Cannibals and Missionaries falls into an easily recognizable category of narratives, the tale of a “ship of fools.” The basic plot device is a straightforward one: take a more or less representative cross section of humanity, isolate it from the rest of the world, subject it to a crisis of some sort, and see what happens. The group will then serve as a microcosm of all society, of all humanity. The form is at least as old in Western literature as the late middle ages; at present it is experiencing a revival in disaster motion pictures of the Airport or Poseidon Adventure variety.
McCarthy’s “ship” is a modern airliner; her “fools,” a group of liberals sent to Iran to investigate government atrocities. Most of the group are Americans; they include an American priest of the Episcopal Church who is in trouble with his congregation for having a black radical preach in his parish, an elderly Episcopal bishop, a college professor with connections with the CIA, a Senator who supposedly ran against McGovern for the Democratic presidential nomination, a liberated Jewish woman journalist, and an unmarried woman college president who immediately begins to survey the group for a new sexual partner. Joining the group in Paris to give a more international flavor are a Dutch politician and a lecturer at Oxford.

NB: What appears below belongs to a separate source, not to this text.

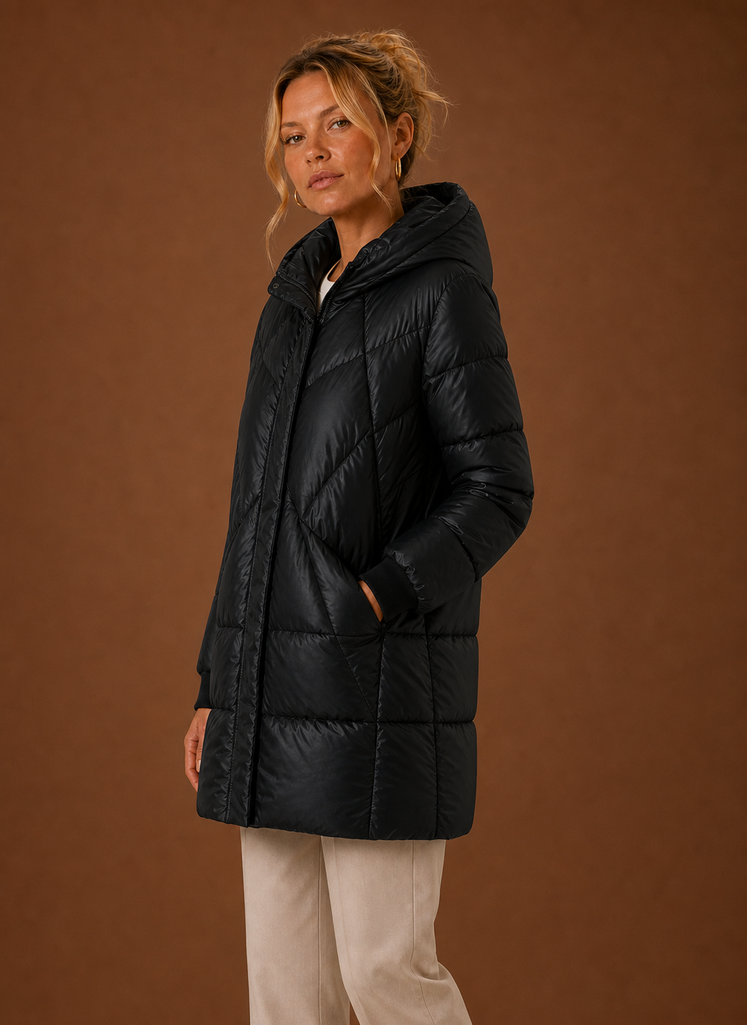 Chaqueta Puffer Larga para Mujer - Abrigo de Invierno con Capucha | Areleon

Also along on this journey, but riding in first class while the committee sits back in tourist, is a group of wealthy American art collectors on their way to look at the treasures of Iran. They get included in the body of hostages after Charles Tarrant, an aging homosexual art collector, is overheard by one of the hijackers bragging about the vast private collections of his fellow travelers. The price for release of the collectors is delivery of their paintings to the terrorists; the price for the rest of the party includes the usual release of political prisoners, coupled with the demand that Holland end its association with NATO.
Early in the trip, the Americans’ only concern is with who actually is coming on the trip; no one wants to be the only one along, for there seemingly is safety in numbers on an expedition like this one. De Jonge, however, more sensitive to the complexities of European and Middle Eastern politics, is anxious about...
(The entire section is 946 words.)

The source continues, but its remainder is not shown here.